Parse for Pattern Matching exercise
Hi! I am interested in learning Parse better and decided to attempt an email validator. However, my solution gives false to a pattern that should be standard enough and I hope that someone could see where I made a mistake, as I feel quite lost. Please note that I am not asking for a good email validator but aim instead to enhance my knowledge of Rebol’s Parse, and thus I am more interested in flaws in my logic and other approaches to solving the problem than on a recipe that just works. So let me state the conditions for the exercise: 1. An email address is made of two parts: a user name and a domain name, separated by an ampersand: name @ domain 2. The name is allowed to include the dot, the underscore or the hyphen provided that the dot is not the last or first character. 3. The domain can only include a hyphen as a special character, as long that it is not the last or first character... 4. but it can include more than one dot and, to make things really crazy... 5. it doesn't really require an extension (like .com, .org or .info) which, I know, it’s super odd yet it’s valid, and makes this exercise challenging.

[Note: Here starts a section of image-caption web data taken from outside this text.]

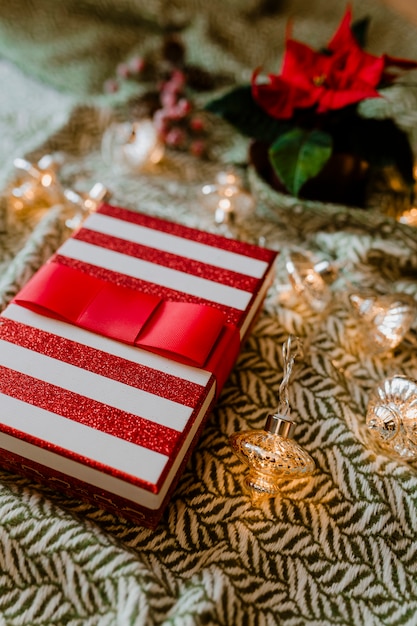 Caja de regalo temática navideña con una flor de Pascua.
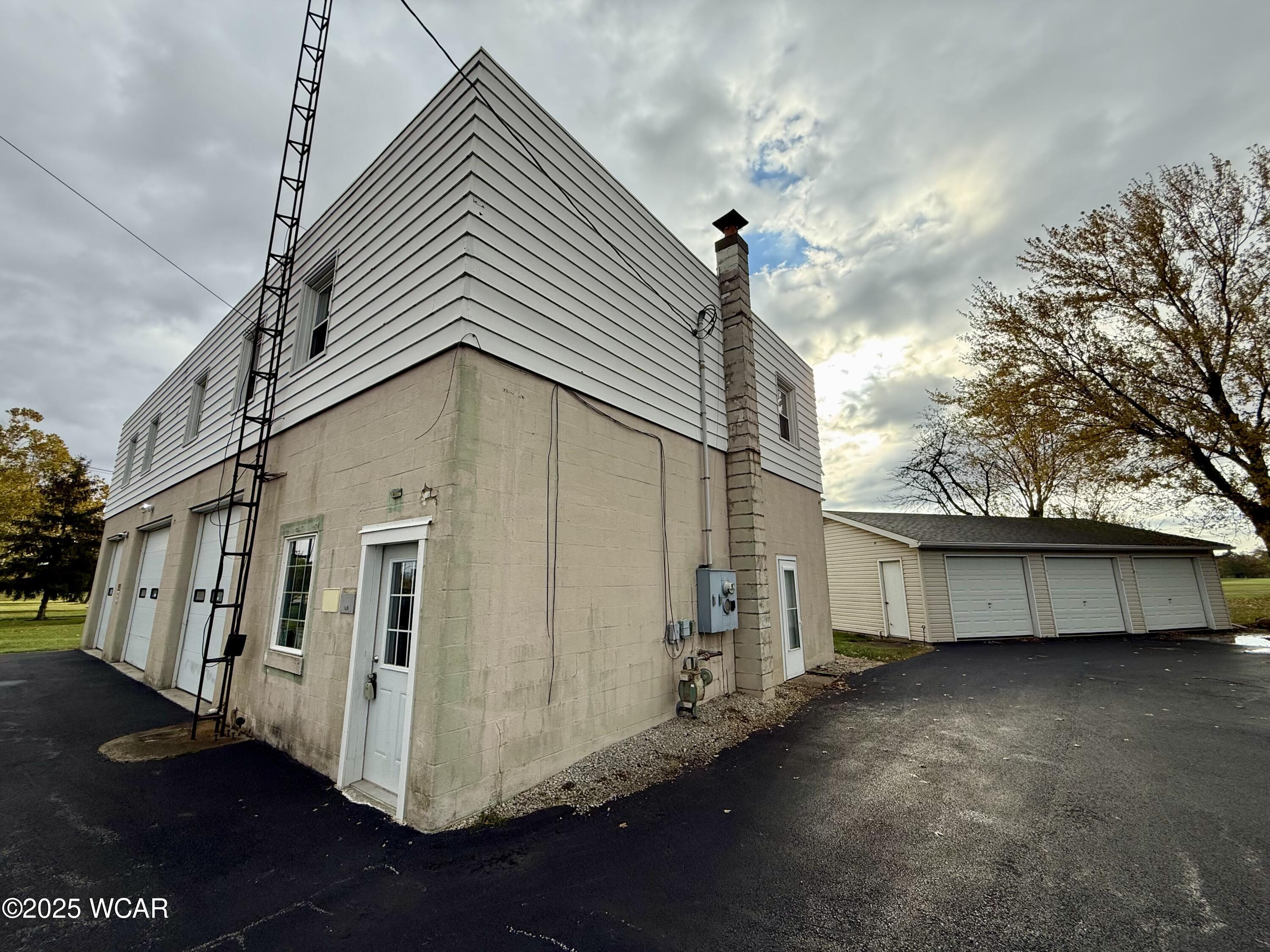 22979 State Route 12, Fostoria, Ohio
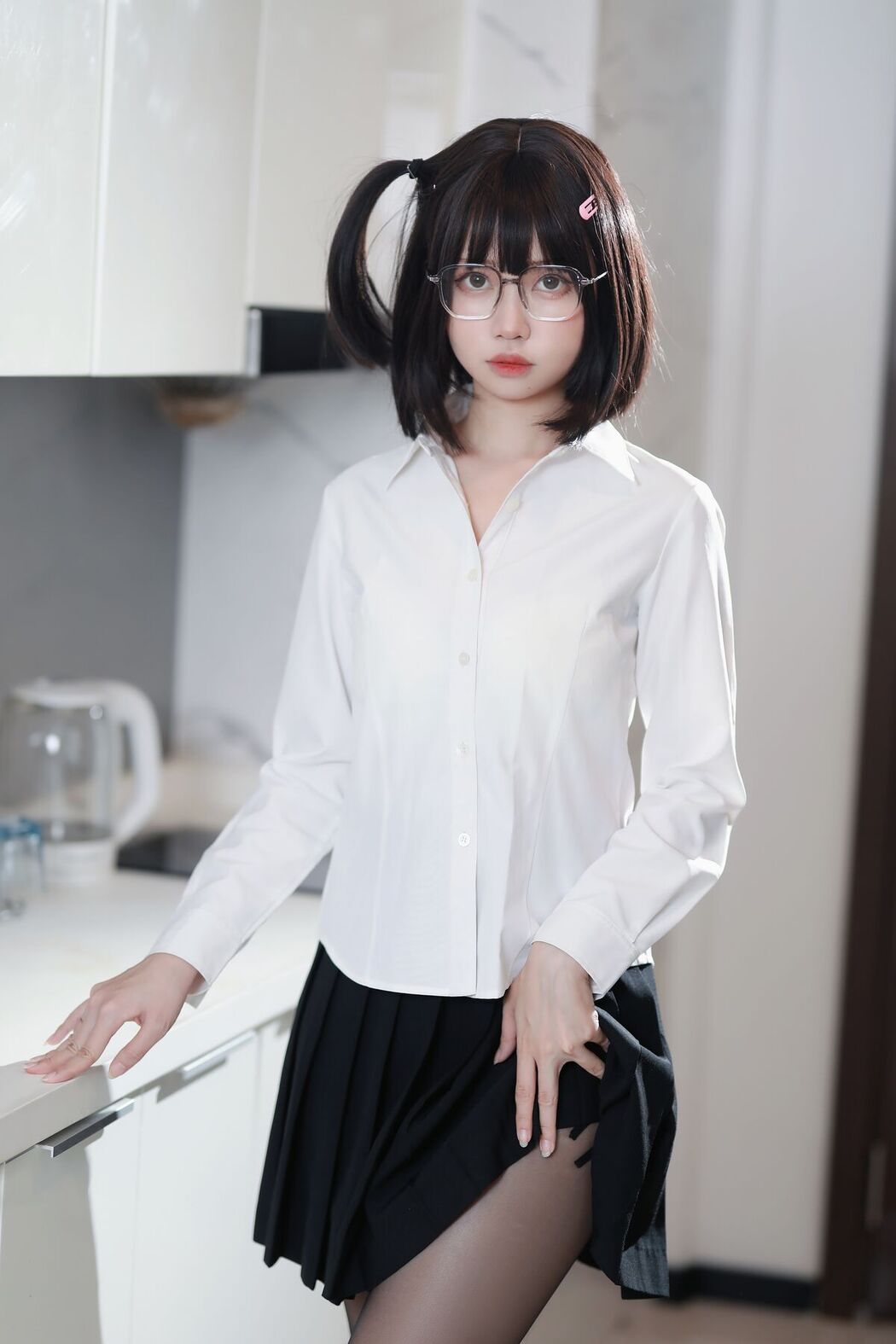 Coser@洛桑w伊梓 – 眼镜妹妹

Given these conditions I came up with: alphanum: charset [#"A" - #"Z" #"a" - #"z" #"0" - #"9"] underscore: charset [#"_"] hyphen: charset [#"-"] dot: charset [#"."] chars: union union alphanum underscore hyphen chardot: union chars dot alphahyphen: union alphanum hyphen name: [some chars any chardot some chars] domain: [some alphanum any alphahyphen some alphanum any [dot some alphanum]] email-rules: [name #"@" domain] parse "boris.xyz@mywebsite.org" email-rules This version expects name and domain to be at least two characters long but, other than that, should not reject most mainstream versions, like the one in the example. Yet, to my surprise, the parse returned false. Any ideas why? Thanks in advance!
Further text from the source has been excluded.